Roadmap for Paper-Faithful Simulation Workflows • nalanda

Purpose

This vignette is a planning note for collaborators. It records where the nalanda package currently stands, how the package could be extended toward the simulation strategy described by Hewitt, Ashokkumar, Ghezae, and Willer (Hewitt et al. 2024a, 2024b), and which implementation steps seem most important for the next phase of work.

The immediate aim is not to claim that nalanda already reproduces the design of these papers. Rather, the goal is to identify a realistic path for building a user-facing workflow that supports:

paper-faithful simulation of survey experiments,
the existing pre/post chapter workflow already implemented in nalanda,
control-versus-treatment chapter comparisons when some books act as control conditions, and
future extensions for cumulative reading designs across multiple chapters.

Current package status

At present, nalanda already supports several useful pieces of the broader simulation agenda:

A two-turn pre/post workflow for chapter interventions via run_ai_on_chapters(), where an identity-conditioned baseline is collected before exposure to a chapter and a post-reading measure is collected after exposure.
A one-turn workflow via run_ai_on_chapters_one_turn(), where identity context, chapter text, and the outcome question are presented in a single prompt.
A prompt-first multi-turn interface via simulate_treatment(), which is flexible enough to support more customized simulation sequences.
Summary helpers that keep raw model output separate from derived metrics.

This means the package already contains the core execution machinery needed for prompt construction, repeated simulation, structured extraction, and summary pipelines. The main gap is not basic infrastructure. The gap is a paper-faithful experimental abstraction layer.

It is also useful to separate simulation design from statistical analysis. nalanda already supports workflows that can later be used for group comparisons, including cases where some books act as control conditions. That does not mean nalanda itself needs to become the main home for inferential contrast estimation or hypothesis testing. Those tasks may still belong downstream in other tools, including rempsyc.

What the papers add

The Hewitt et al. workflow differs from the current chapter workflow in a few important respects (Hewitt et al. 2024a, 2024b):

The main design is condition-based rather than pre/post.
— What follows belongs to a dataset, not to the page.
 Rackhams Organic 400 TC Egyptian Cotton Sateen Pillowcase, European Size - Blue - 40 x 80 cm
The model simulates responses to each experimental condition, with group comparisons then performed downstream.
Prompts are built from a bank of introductory variants rather than a single fixed wording.
Simulations include demographically described participants rather than only broad identity labels.
Predictions are averaged over many prompts as an ensemble strategy.
Raw predicted treatment effects are useful for ranking conditions, but absolute effect magnitudes appear to benefit from linear calibration. In the primary survey archive, the paper estimates a shrinkage factor of approximately 0.56 (Hewitt et al. 2024b).
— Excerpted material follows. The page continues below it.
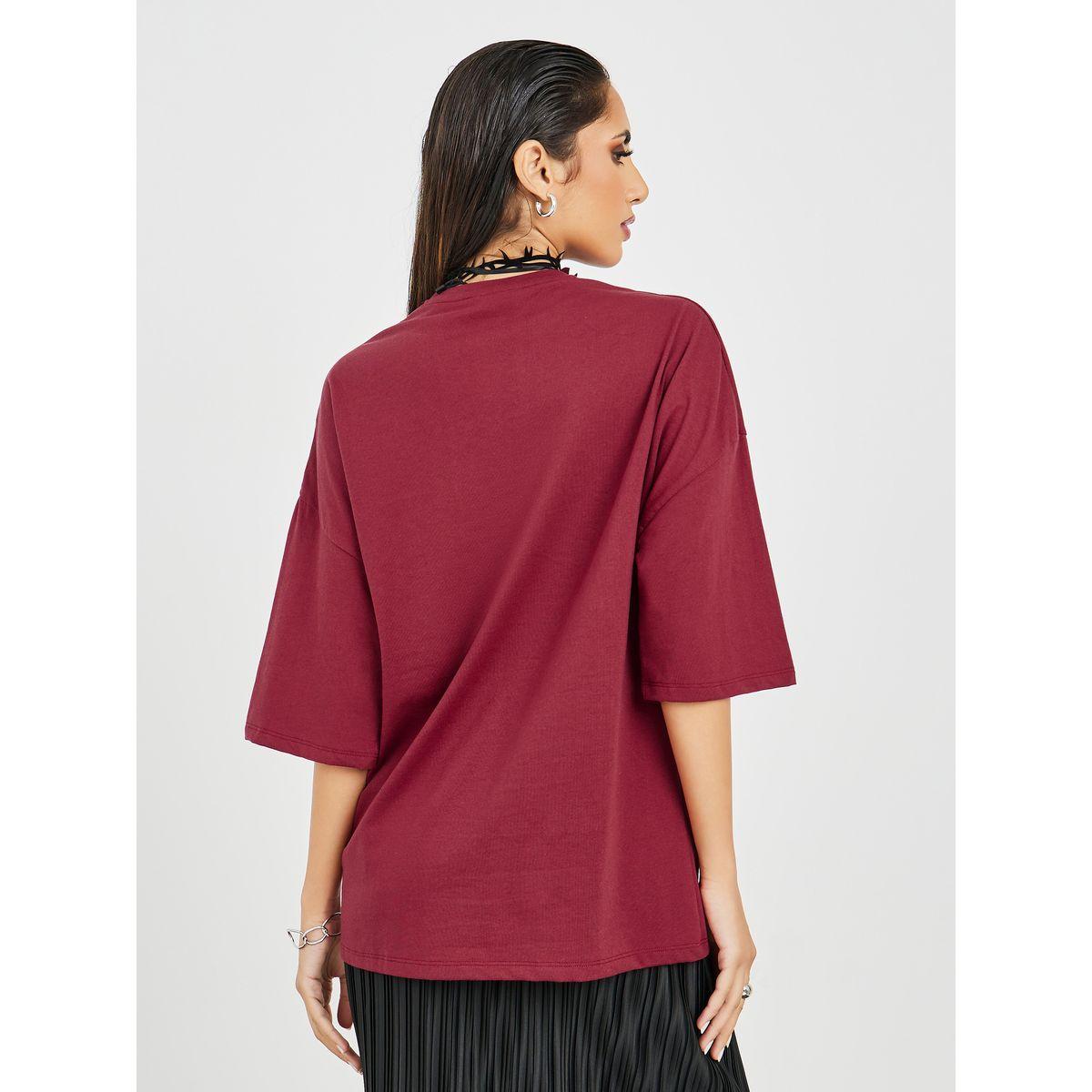 تيشيرت واسع باكمام قصيرة-women-clothing-tshirts-image-4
Taken together, these papers suggest that nalanda should support at least three closely related simulation families:

condition-labeled post-only simulations, where outputs are ready for later group comparisons but inferential contrasts can remain downstream;
baseline -> exposure -> post outcome simulations, where within-unit change metrics are native to the package; and
cumulative exposure simulations, where multiple chapters or interventions are allowed to build on one another over time.
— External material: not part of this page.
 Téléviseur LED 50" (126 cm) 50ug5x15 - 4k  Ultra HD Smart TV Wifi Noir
These are simulation families, not analysis families. The package does not need to choose only one family, and it does not need to absorb every downstream statistical task. The stronger design goal is to share infrastructure across them.

Recommended implementation steps

The table below reflects my current view of the most useful staged plan. Impact scores are on a 1 to 10 scale, where 10 means the step is especially important for scientific usefulness and for alignment with the published papers.

Step	Description	Difficulty	Impact
1	Build a paper-faithful prompt layer, including reusable prompt bank objects and prompt constructors for survey experiments and book-based designs.	Low to medium	10
2	Add a condition-based simulation wrapper that runs control and treatment conditions, stores condition labels and simulation metadata, and returns outputs ready for downstream comparison.	Medium to high	10
3	Add a descriptive summary and calibration layer for package-native metrics, while leaving formal inferential contrasts to downstream tools.	Medium	8
4	Add demographic profile infrastructure, including profile samplers and weighted profile sets, so users can simulate subgroup-specific or population-matched runs.	Medium	7
5	Add ensemble controls that formalize how many prompt variants are used, how they are sampled, and how outputs are pooled.	Low to medium	8
6	Extend the framework to cumulative chapter designs, where earlier chapters can remain in memory or be summarized forward into later prompts.	High	8

I would still group these into three practical phases:

Phase 1: prompt layer plus ensemble controls.
Phase 2: condition-based experimental wrapper plus descriptive summaries and calibration helpers.
Phase 3: richer demographic sampling and cumulative exposure designs.

Why these steps matter

Step 1: Prompt layer

This is the highest-leverage near-term step because it creates a common language for all downstream workflows. The supplement describes a structured prompting strategy with an introductory sentence, a study-setting description, participant information, treatment content, and the outcome question (Hewitt et al. 2024b). That same structure can be reused for chapter simulations even when the design is not identical.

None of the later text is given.